Task:
Take nothing but the lines from the one with "ภาพ No.101298:พิธีบรรพชาธรรมทายาท ในโครงการอุปสมบทบูชาธรรม" through the one with "Black lacquer chest, Vintage plates" in the entries below, both ends kept, and return them exactly with pictures left out.

Given records:

# # #

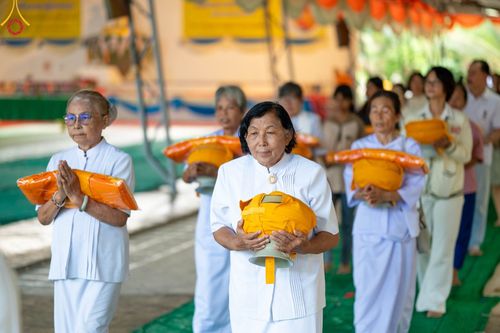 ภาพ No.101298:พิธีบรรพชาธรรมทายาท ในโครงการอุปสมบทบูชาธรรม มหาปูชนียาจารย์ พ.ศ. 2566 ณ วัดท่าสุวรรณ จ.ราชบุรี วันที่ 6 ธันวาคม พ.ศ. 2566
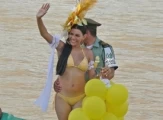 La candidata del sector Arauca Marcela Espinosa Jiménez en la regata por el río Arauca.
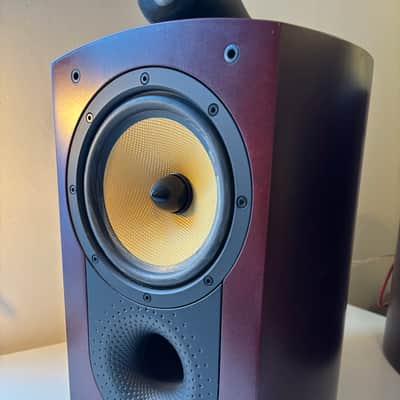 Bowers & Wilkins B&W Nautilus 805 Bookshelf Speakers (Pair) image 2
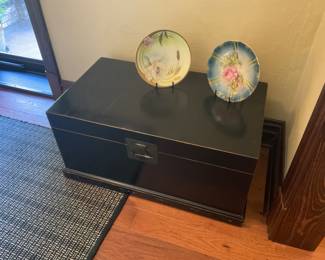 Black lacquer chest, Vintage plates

# # #

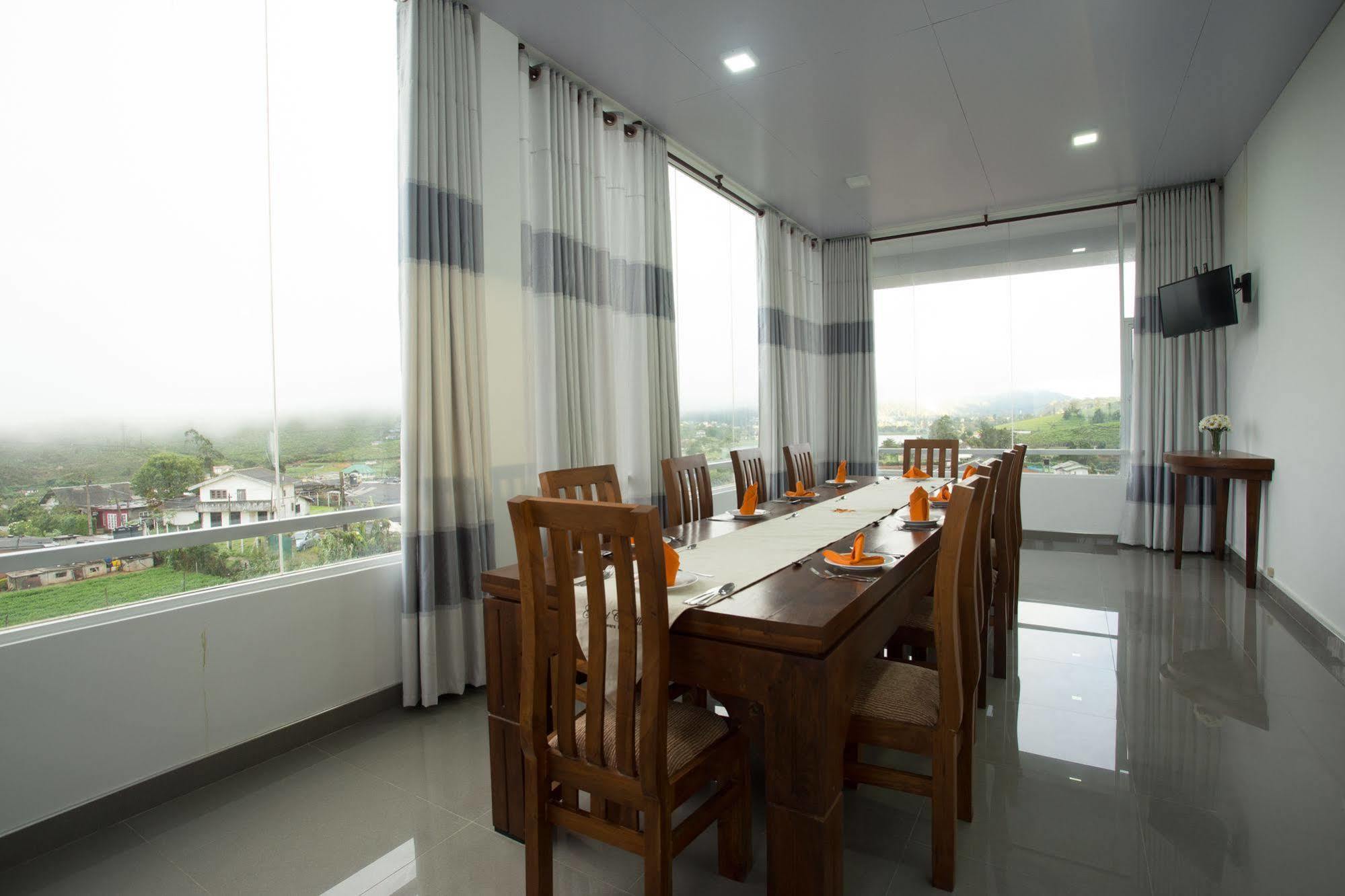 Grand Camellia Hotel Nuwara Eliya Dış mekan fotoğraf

# # #

Result below:
 ภาพ No.101298:พิธีบรรพชาธรรมทายาท ในโครงการอุปสมบทบูชาธรรม มหาปูชนียาจารย์ พ.ศ. 2566 ณ วัดท่าสุวรรณ จ.ราชบุรี วันที่ 6 ธันวาคม พ.ศ. 2566
 La candidata del sector Arauca Marcela Espinosa Jiménez en la regata por el río Arauca.
 Bowers & Wilkins B&W Nautilus 805 Bookshelf Speakers (Pair) image 2
 Black lacquer chest, Vintage plates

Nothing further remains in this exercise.